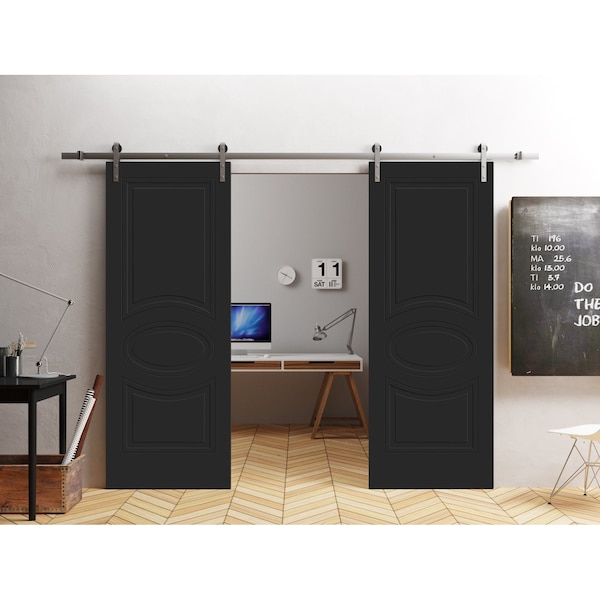 Vdomdoors Modern Double Barn Door 48" x 96" inches / Mela 7001 Painted Black / 13FT Silver Rail Track Set / S MELA7001DB-S-TCF-4896 - main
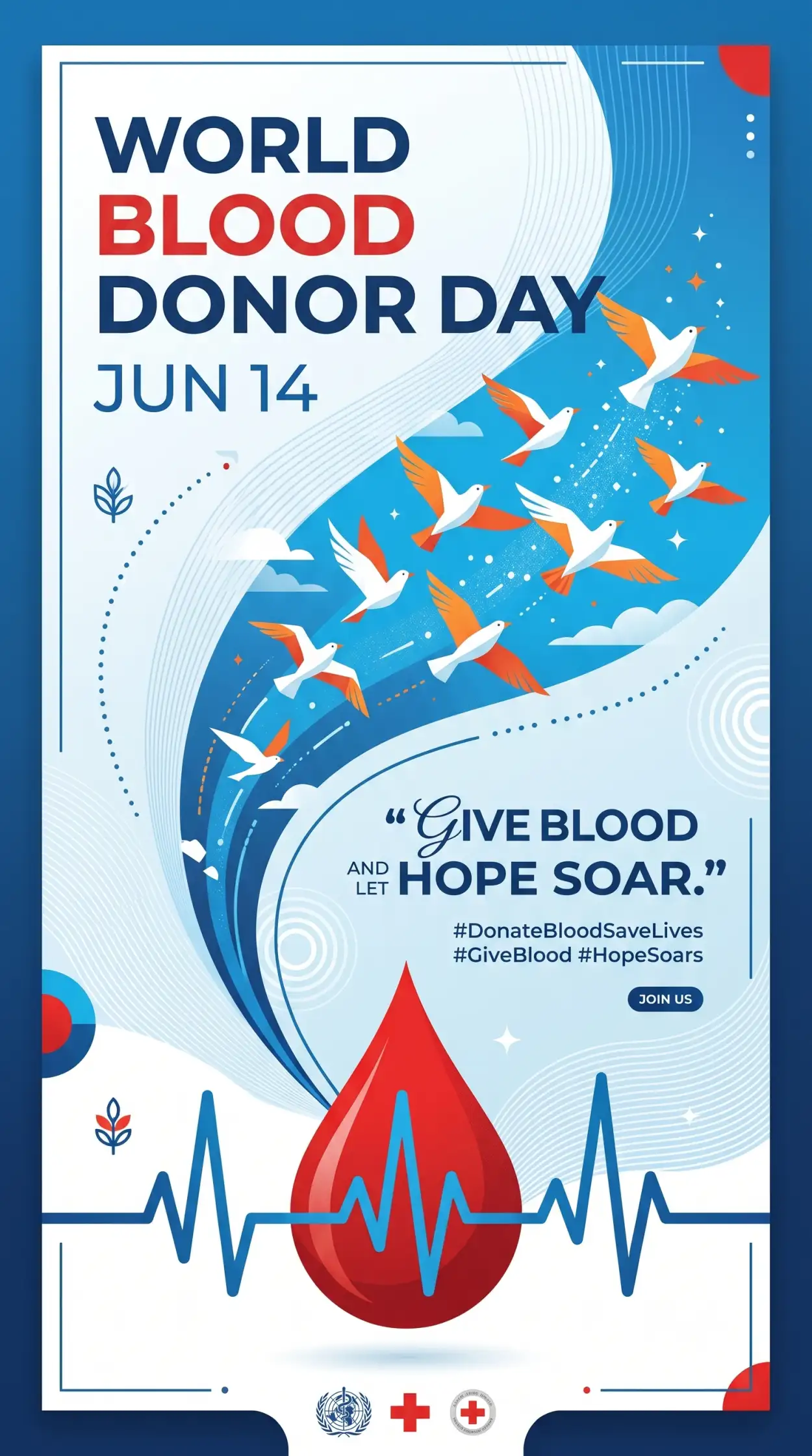 Free Download World Blood Donor Day 2026 Humanitarian Social Media Design - High Quality World Blood Donor Day 2026 Image
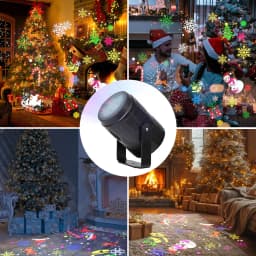 LED Christmas Projector Light 16 Patterns USB Dynamic Rotating Projection for Holiday Atmosphere Light Halloween Christmas Decor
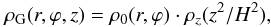 Mathematical equation: \begin{equation} \label{eq:densvert} \rho_{\rm G} (r, \varphi, z) = \rho_0 (r,\varphi) \cdot \rho_z (z^2/H^2) , \end{equation}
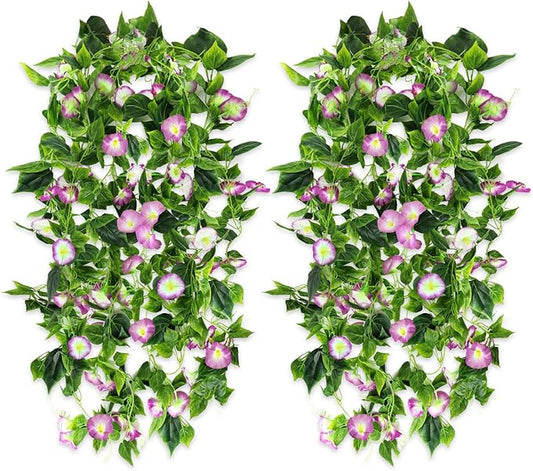 AirSun Artificial Morning Glory Flower Vines, 2pcs 15Feet Hanging Plants Silk Garland Fake Green Plant Home Garden Wall Fence Indoor Outdoor Wedding Birthday Decor
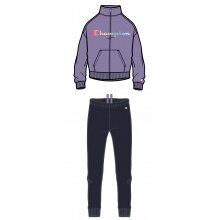 Champion Trainingsanzug (Jacke&Hose aus Baumwolle) Big Logo-Print violett/navyblau Mädchen
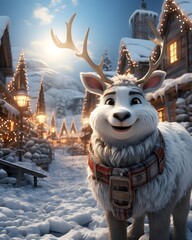 Reindeer in front of a snow covered Christmas village at sunset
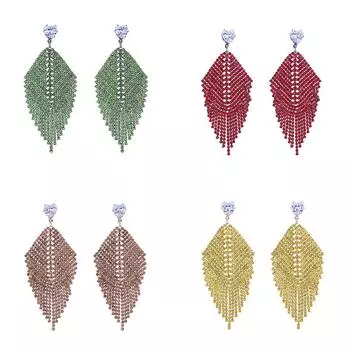 Серьги женские модные с бриллиантами высокого качества, индивидуальный темперамент, в форме листа 4*9cm зелёный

— Problem details —
Could you reproduce the records above exactly, leaving out every picture?

— Task answer —
 Vdomdoors Modern Double Barn Door 48" x 96" inches / Mela 7001 Painted Black / 13FT Silver Rail Track Set / S MELA7001DB-S-TCF-4896 - main
 Free Download World Blood Donor Day 2026 Humanitarian Social Media Design - High Quality World Blood Donor Day 2026 Image
 LED Christmas Projector Light 16 Patterns USB Dynamic Rotating Projection for Holiday Atmosphere Light Halloween Christmas Decor
 Mathematical equation: \begin{equation} \label{eq:densvert} \rho_{\rm G} (r, \varphi, z) = \rho_0 (r,\varphi) \cdot \rho_z (z^2/H^2) , \end{equation}
 AirSun Artificial Morning Glory Flower Vines, 2pcs 15Feet Hanging Plants Silk Garland Fake Green Plant Home Garden Wall Fence Indoor Outdoor Wedding Birthday Decor
 Champion Trainingsanzug (Jacke&Hose aus Baumwolle) Big Logo-Print violett/navyblau Mädchen
 Reindeer in front of a snow covered Christmas village at sunset
 Серьги женские модные с бриллиантами высокого качества, индивидуальный темперамент, в форме листа 4*9cm зелёный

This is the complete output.